A competência da atriz não se restringe a isso. Ela faz a Cassie ser ao mesmo tempo uma mulher forte, calejada por uma vivência dura, mas também enfraquecida por dentro ao carregar uma culpa que não é dela. Seja parecendo embriagada para depois assustar um cafajeste ou sentada diante de uma reitora, ela fará quem está errado entender seu erro. Para isso, a Carey Mulligan faz sua personagem estar sempre tranquila e segura de si, convicta de que vai provar seu ponto e mudar aquela pessoa dali para frente.

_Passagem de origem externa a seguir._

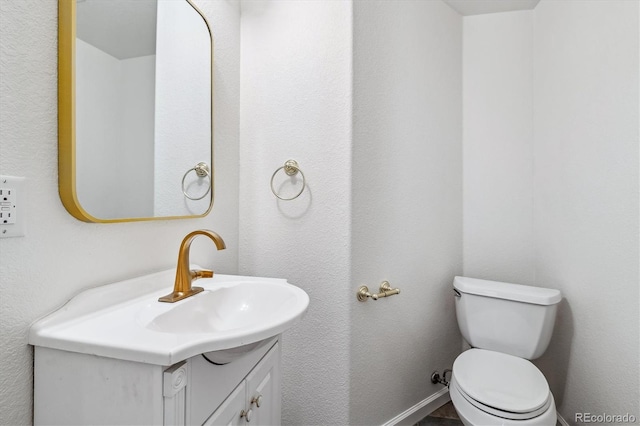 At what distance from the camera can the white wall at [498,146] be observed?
196 cm

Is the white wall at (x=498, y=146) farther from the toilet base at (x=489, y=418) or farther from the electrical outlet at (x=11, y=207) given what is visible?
the electrical outlet at (x=11, y=207)

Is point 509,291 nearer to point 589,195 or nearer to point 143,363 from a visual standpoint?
point 589,195

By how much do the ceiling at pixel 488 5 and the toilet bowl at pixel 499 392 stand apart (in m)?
1.93

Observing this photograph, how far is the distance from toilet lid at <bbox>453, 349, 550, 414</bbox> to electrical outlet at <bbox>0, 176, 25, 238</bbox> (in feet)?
5.08

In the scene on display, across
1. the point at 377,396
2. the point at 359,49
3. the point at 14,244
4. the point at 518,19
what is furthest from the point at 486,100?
the point at 14,244

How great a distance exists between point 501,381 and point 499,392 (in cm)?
8

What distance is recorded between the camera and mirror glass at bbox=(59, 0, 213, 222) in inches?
33.4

Dentre os atores coadjuvantes, Bo Burnham se destaca ao interpretar Ryan Copper, personagem com quem a Cassandra se relaciona. O ator consegue fazer com que o público se afeiçoe pelo rapaz, além de lamentar por ele em uma cena onde a Cassie vacila. Em alguns dos momentos onde os dois estão juntos, a protagonista demonstra estar bem feliz. E vendo ela assim, inconscientemente projetamos como a Cassie era junto com outra pessoa muito querida. Vemos a alegria que lhe foi tirada.
O peso da vivência passada não aparece apenas no roteiro e na atuação de Carey Mulligan. A trilha sonora, por exemplo, apresenta uma versão recente de “It’s Raining Men”, canção clássica da década de 80, mas que na nova gravação se encaixa tão bem que até parece cantada pela protagonista. Versátil, a trilha também sabe trazer leveza utilizando “Stars Are Blind” da Paris Hilton.
A fotografia destaca-se especialmente ao acompanhar a Cassie sozinha, seja quando ela anda solitária e descalça na rua ou está pensativa em seu quarto escuro. Algumas tomadas mais longas nos permitem compreendê-la tanto nos momentos onde sente-se empoderada, como quando ver algo terrível lhe deixa profundamente abalada.
Quase todos que têm contato com a Cassandra em algum momento lhe acham louca. E isso tem uma razão: ela desafia visões estabelecidas. É vista como estranha por aproveitadores ao colocar-lhes diante de sua canalhice. Também não é compreendida por um certo tipo de homens, daqueles comumente encontrados dizendo a frase “eu não estava fazendo nada”, após testemunhar passivamente uma mulher ser agredida.
E ela não para por aí. De forma corajosa, inteligente e sem distinção de gênero, Cassie machuca com a verdade aqueles anteriormente convictos de terem feito a coisa certa. Assim, a trama segue sempre como um drama onde essa jovem imprevisível mantém um clima de suspense, sem deixar de trazer certa comicidade por tratar-se de uma vilania do bem.
Uma forte mensagem à sociedade é entregue, pois apesar do desfecho conter vários pontos questionáveis, ele funciona bem como uma metáfora. Trazendo situações boas de se ver, mas também outras duras de assistir, o filme se prova uma experiência necessária a todos. Por fim, resta o desejo de que cada um que assistiu a obra aprenda com a Cassie e pense: se alguém como ela aparecer na minha vida, eu lhe acharia uma louca?